Il materiale disperso è di proprietà di una ditta Lussemburghese che lavora per la Erg e i bidoni potrebbero trovarsi a 4-500 metri di profondità. "Il vero problema - ha spiegato il sindaco di Livorno - ora è il tempo, più lasciamo quei bidoni in mare e più i rischi aumentano". "Il primo obiettivo è localizzare il carico - ha sottolineato - e occorre che la richiesta della Regione Toscana per la creazione di una commissione nazionale di intervento venga accolta al più presto". Cosimi ha poi spiegato di aver incaricato un'azienda, la Labromare, di intervenire in caso venga ritrovato del materiale sulle spiagge.
A chiedere la verità sull'incidente che potrebbe compromettere in modo molto grave l'ecosistema marino di tutto il Parco nazionale dell'Arcipelago Toscano, il Santuario Pelagos e anche la costa maremmana, è quanto torna a chiedere Legambiente, insieme alla garanzia del recupero di tutto il carico disperso.

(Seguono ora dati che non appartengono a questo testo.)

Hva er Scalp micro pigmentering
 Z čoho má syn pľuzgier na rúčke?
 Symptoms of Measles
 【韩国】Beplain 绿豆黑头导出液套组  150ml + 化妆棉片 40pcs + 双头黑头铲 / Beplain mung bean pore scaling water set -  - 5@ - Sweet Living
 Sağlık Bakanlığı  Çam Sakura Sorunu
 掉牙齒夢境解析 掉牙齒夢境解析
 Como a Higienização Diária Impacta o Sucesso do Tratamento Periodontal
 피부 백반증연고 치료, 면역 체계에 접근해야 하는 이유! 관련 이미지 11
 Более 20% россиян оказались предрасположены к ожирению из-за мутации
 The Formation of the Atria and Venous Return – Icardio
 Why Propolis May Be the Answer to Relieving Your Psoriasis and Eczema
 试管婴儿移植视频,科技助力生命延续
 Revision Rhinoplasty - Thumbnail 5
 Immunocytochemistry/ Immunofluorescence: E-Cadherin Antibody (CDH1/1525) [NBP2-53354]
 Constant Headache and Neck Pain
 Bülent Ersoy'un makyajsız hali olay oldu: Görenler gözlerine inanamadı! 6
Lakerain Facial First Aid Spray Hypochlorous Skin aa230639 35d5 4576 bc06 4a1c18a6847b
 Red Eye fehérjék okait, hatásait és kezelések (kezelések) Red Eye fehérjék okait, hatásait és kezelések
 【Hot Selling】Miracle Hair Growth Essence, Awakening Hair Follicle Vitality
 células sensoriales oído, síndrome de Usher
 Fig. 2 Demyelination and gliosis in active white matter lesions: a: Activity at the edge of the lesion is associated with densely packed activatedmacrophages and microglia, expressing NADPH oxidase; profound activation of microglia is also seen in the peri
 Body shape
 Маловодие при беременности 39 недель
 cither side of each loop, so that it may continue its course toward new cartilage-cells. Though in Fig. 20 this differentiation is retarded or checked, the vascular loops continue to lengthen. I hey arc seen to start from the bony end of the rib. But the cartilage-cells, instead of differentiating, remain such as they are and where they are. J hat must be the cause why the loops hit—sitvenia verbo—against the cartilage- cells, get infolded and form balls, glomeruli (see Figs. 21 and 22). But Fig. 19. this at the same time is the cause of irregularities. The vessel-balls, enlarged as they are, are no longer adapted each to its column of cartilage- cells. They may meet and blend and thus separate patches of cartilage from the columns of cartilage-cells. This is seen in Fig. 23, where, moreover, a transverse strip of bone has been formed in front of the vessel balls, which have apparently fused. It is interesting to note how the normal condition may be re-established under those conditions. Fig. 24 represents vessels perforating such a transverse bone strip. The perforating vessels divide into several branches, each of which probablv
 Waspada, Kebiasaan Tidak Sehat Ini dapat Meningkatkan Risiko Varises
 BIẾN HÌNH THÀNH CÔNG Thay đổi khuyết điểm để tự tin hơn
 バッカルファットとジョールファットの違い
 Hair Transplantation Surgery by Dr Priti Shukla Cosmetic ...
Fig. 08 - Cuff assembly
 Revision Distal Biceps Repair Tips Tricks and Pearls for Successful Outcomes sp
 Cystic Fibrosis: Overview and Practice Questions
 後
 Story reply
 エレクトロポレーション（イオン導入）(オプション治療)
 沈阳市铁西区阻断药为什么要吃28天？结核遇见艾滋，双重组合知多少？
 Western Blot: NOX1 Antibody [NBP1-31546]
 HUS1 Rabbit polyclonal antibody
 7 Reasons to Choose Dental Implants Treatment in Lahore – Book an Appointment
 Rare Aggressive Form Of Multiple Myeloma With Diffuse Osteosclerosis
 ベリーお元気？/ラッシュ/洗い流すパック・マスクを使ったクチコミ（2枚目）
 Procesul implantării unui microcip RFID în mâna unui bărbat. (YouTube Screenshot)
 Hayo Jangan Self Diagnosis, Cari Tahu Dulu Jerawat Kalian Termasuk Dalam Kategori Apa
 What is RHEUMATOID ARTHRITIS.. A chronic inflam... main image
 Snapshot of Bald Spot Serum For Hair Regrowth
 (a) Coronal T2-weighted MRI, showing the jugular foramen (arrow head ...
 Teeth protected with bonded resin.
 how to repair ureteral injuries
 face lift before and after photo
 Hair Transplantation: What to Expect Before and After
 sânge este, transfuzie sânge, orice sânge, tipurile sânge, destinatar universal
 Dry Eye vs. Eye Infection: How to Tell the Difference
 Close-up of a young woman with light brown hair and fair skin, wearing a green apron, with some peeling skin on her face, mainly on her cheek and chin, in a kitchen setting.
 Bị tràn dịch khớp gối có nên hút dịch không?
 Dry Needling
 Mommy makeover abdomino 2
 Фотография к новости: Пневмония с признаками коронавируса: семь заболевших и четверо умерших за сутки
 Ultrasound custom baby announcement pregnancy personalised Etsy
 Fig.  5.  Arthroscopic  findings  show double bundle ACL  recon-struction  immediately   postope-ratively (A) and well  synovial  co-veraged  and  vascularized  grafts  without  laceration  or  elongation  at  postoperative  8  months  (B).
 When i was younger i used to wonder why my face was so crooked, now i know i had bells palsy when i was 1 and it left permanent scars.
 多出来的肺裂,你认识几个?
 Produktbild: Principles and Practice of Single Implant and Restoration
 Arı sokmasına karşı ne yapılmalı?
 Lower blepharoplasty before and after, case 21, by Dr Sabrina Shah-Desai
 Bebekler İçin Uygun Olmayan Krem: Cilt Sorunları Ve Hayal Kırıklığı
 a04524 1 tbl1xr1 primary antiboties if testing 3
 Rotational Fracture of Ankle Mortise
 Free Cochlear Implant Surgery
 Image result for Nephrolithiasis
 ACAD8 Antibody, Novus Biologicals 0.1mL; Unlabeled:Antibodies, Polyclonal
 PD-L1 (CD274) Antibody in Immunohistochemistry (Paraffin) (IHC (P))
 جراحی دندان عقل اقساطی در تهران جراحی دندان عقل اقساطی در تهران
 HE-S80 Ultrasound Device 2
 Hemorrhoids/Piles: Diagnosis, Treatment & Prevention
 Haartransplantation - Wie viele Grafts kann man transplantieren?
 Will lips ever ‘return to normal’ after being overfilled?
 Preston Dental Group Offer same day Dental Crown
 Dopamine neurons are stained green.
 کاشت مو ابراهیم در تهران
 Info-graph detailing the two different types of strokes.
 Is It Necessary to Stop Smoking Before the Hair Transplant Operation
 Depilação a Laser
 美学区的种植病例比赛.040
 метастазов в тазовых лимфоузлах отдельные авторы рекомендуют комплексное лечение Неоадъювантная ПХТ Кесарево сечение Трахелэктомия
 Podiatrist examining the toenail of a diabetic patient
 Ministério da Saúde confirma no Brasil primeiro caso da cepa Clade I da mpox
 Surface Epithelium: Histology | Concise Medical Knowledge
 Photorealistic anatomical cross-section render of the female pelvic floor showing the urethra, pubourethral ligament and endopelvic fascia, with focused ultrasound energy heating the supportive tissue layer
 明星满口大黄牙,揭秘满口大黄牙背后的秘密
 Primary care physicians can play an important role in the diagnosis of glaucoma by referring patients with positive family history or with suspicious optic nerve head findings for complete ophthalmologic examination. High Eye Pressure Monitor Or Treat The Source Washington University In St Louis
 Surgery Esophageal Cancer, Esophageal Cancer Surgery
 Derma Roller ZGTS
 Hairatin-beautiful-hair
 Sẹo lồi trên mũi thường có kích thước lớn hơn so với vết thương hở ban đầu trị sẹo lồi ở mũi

"A questo punto, oltre al completo recupero e alla relativa messa in sicurezza di tutto il materiale disperso - ha dichiarato Angelo Gentili della segreteria nazionale di Legambiente - diventa fondamentale anche escludere che eventuali sostanze tossiche possano entrare nella catena alimentare. Per questo è necessario informare in modo dettagliato i pescatori e le istituzioni dei comuni costieri sulle misure da adottare in caso di reperimento dei fusti, perché il fatto che contengano materiale infiammabile, li rende molto pericolosi anche per l'incolumità delle persone".
E proprio nelle scorse ore tra i cittadini della costa si era diffusa la preoccupazione per alcune segnalazioni: la Capitaneria ha escluso che l'odore di solvente segnalato da alcuni frequentatori delle spiagge a sud di Livorno sia correlabile con la vicenda dei fusti persi in mare il 17 dicembre scorso. L'odore di solvente sarebbe stato segnalato nella zona della Rotonda d'Ardenza, ma la Capitaneria escluderebbe qualsiasi attinenza. "Per una verifica più puntuale della situazione - aggiunge il Comune di Livorno in una nota - la Capitaneria ha comunque deciso di effettuare nell'arco della mattinata di domani (ndr, oggi per chi legge) un sorvolo aereo sul litorale, in particolare sulla zona della costa segnalata dai cittadini. Sempre domani, in contemporanea al sorvolo, i tecnici dell'ufficio ambiente, con il supporto di Arpat, effettueranno via terra una verifica nel tratto di costa tra i porticcioli di Ardenza e di Antignano".